##### Record set #####

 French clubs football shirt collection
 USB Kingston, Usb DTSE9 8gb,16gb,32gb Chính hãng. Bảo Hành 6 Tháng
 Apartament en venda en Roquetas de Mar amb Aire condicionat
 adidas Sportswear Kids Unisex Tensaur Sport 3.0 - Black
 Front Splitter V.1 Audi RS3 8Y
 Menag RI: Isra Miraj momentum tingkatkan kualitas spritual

#####

* [Problem]:
Exactly the lines from the one containing "adidas Sportswear Kids" to the final line of the entries must be restated, and no others.

* [Your solution]:
 adidas Sportswear Kids Unisex Tensaur Sport 3.0 - Black
 Front Splitter V.1 Audi RS3 8Y
 Menag RI: Isra Miraj momentum tingkatkan kualitas spritual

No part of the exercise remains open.